In the end, for me at any rate, I actually think that my leap of faith (that the material world exists) is equivalent to the idealist’s leap of faith that the material world does not exist, and is intuitively parsimonious in its own way. The material world laid out in our  orthodox understanding of science does a good explanatory job, only falling short of the hard problem of consciousness. Idealism posits a lot of mystery – a sort of nebulous “nature” of mental “excitations” (see the work of Bernardo Kastrup here) that is answering the hard problem of consciousness or explaining away a leap by positing something wholly more mysterian.

I suppose I have trouble with positing something so ultimately mysterious in place of something that works, makes sense, and only has a small area of challenge (the hard problem of consciousness).

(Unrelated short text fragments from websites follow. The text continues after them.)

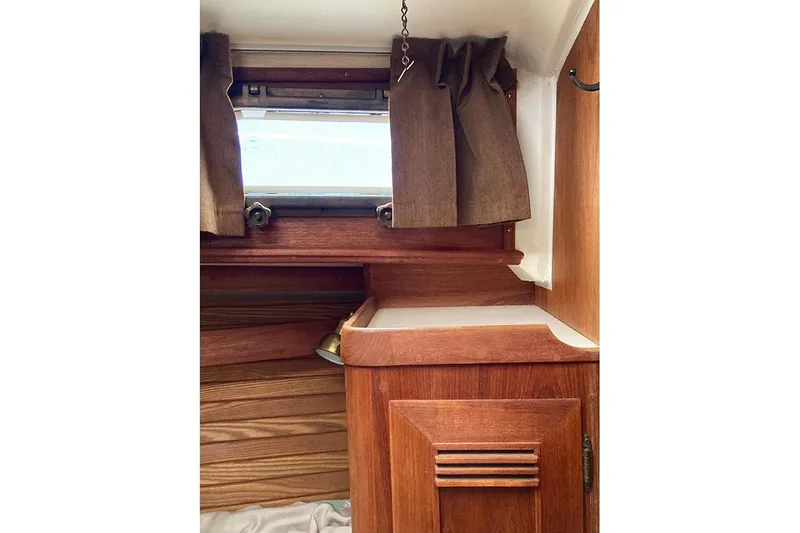 Slide: The Image of Interior of 1984 Cape Dory 31C sailboat with wooden cabinetry and window curtains. - 16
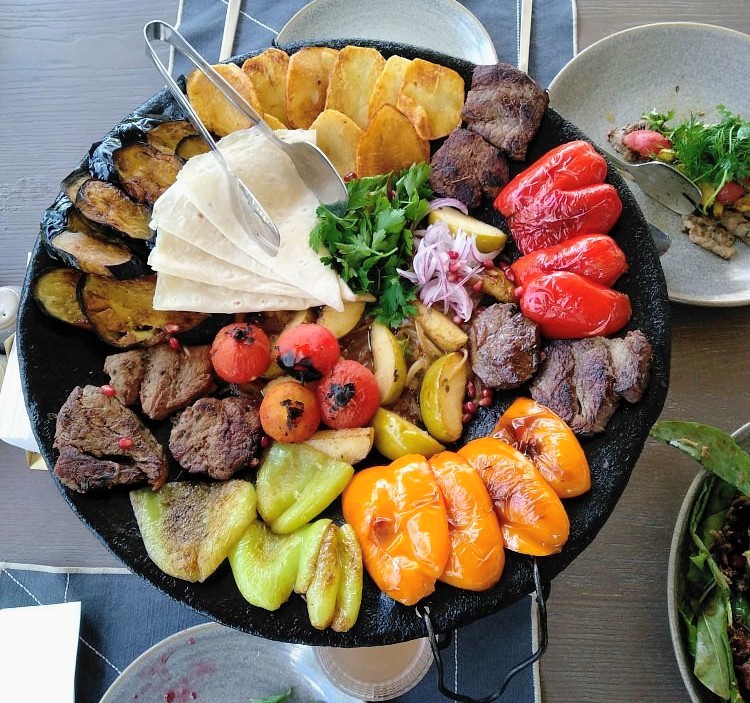 A cast-iron saj platter of grilled lamb, aubergine, sweet peppers, potatoes and lavash, served family style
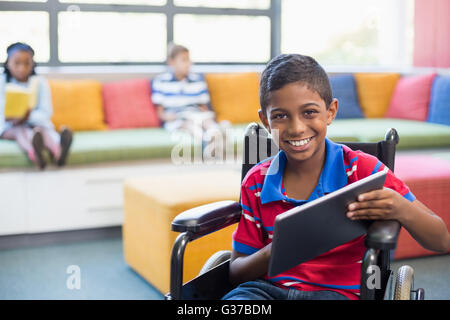 Disabled schoolboy on wheelchair using digital tablet in library Stock Photo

For one of the best conversations on this – nay, one of the best conversations on philosophy – that I have seen is this marathon but thoroughly worthwhile one with the erudite philosopher  and computer scientist Bernardo Kastrup (if only most English people had the same grasp of the English language as he does):

YouTube video

I honestly advise watching this in its entirety. If that’s not quite enough, here is another wonderful exchange:

YouTube video

There is so much to Katrup’s worldview that is coherent with mine (evolution by natural selection, morality, God), and yet we fundamentally disagree. Where we disagree is at a rather important level: the whole of reality. But I concede that my and his position are built on pretty unsubstantiatable grounds (leaps of faith, if you will).

I will look in more depth at his position in future posts.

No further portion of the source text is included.